Although, as I write this, it’s reinforcing the divides that marginalized reality TV from a “critic’s” beat in the first place. Back in 2012, Reality TV’s place in television culture was linked to the primacy of broadcast networks and weekly rituals, and covered accordingly. But as those rituals started to fade away in the streaming era, and you and other critics stopped covering reality programming through that lens, the genre’s cultural footprint was increasingly defined by the celebrity-driven docuseries that dominate on cable and have naturally made the move to Netflix et al. And while Netflix continues to invest in some attempts at competition programming—including the U.S. rights to The Great British Bake-Off—their biggest successes like Love is Blind have been shows that embrace the logics of reality TV as an engine of and space for celebrities.

There’s also the factor of gender: whereas most serialized dramas are understood in masculine terms, reality TV removed from its monocultural moment has become largely feminized, both in its perceived audience and in the tabloid frameworks through which it’s covered online. Perhaps this explains The Traitors’ success, managing to create a format and casting structure that serves fans of an earlier era of competition reality shows while also including enough Housewives and Bachelor alumni to activate the tabloid-esque spaces where the genre thrives.

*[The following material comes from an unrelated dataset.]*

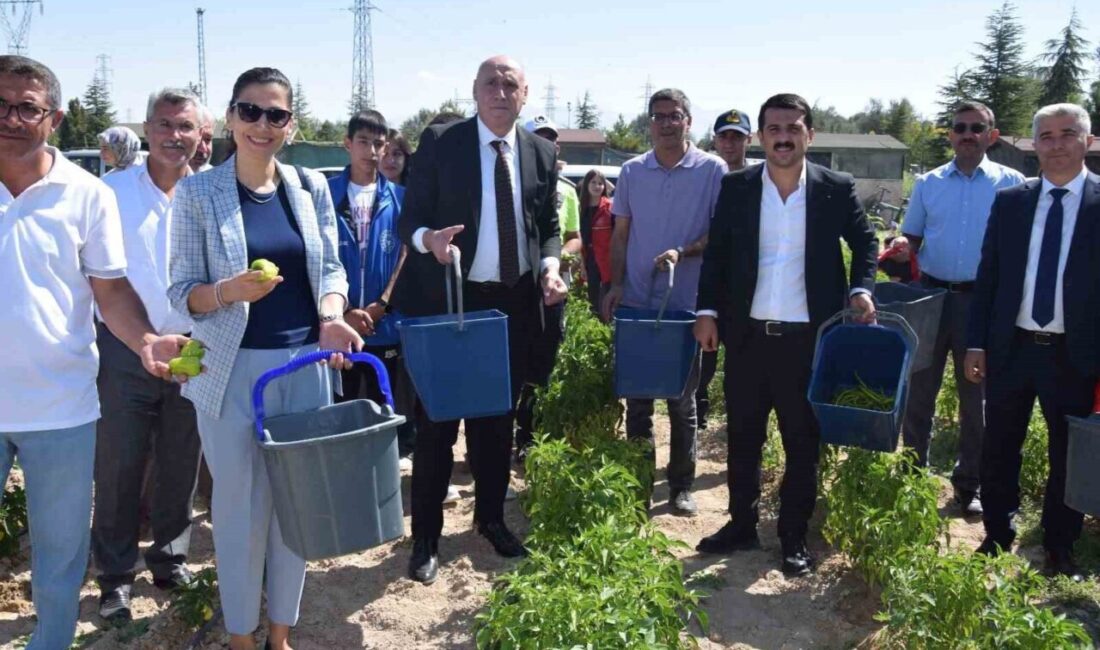 Karapınar’da “Doğayla El Ele Öğreniyorum, Üretiyorum, Paylaşıyorum” projesi meyvelerini veriyor Konya’nın Karapınar ilçesinde, Karapınar Gençlik Merkezi tarafından yürütülen ve Gençlik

And so I guess my final question for you, Alan, is what you think would happen if you suddenly started recapping Survivor next Spring, or if you had gone to your editors at Rolling Stone wanting to review a new reality show? Do we think that the audience for television criticism and the audience for Reality TV has splintered too far, or has your Discord channel opened a door for a crossover group looking for that kind of discussion?

AS: Your question prompted me to go ask the reality TV fans on that Discord if they had suggestions. One asked, “Are you too straight for Drag Race?” Others suggested The Traitors—maybe I’ll wait for old Survivor fave Rob Cesternino to be a contestant?—and Top Chef, which for the moment feels like the best contender. I’ve never seen it with Kish as host (or contestant, for that matter), and there’s a chance it could be communal family viewing. We do watch Somebody Feed Phil together, which is a different form of unscripted TV about food. 

So let’s wrap this up with the most important question, Myles: am I too straight for Drag Race

MM: I stand by my belief that a good reality show—Drag Race is one—can leverage real people to create engaging and dynamic television offering distinct pleasures for anyone interested in a good story.

I also stand by my belief that some people are just too straight for Drag Race, and that doesn’t make you any less of an ally. 


Thanks for reading, everyone. As noted, you can now find Alan's writing—including, who knows, maybe some thoughts on reality TV—exclusively on his newsletter, What's Alan Watching, where he's reviewing multiple shows a week. You can find out more about his subscription tiers here.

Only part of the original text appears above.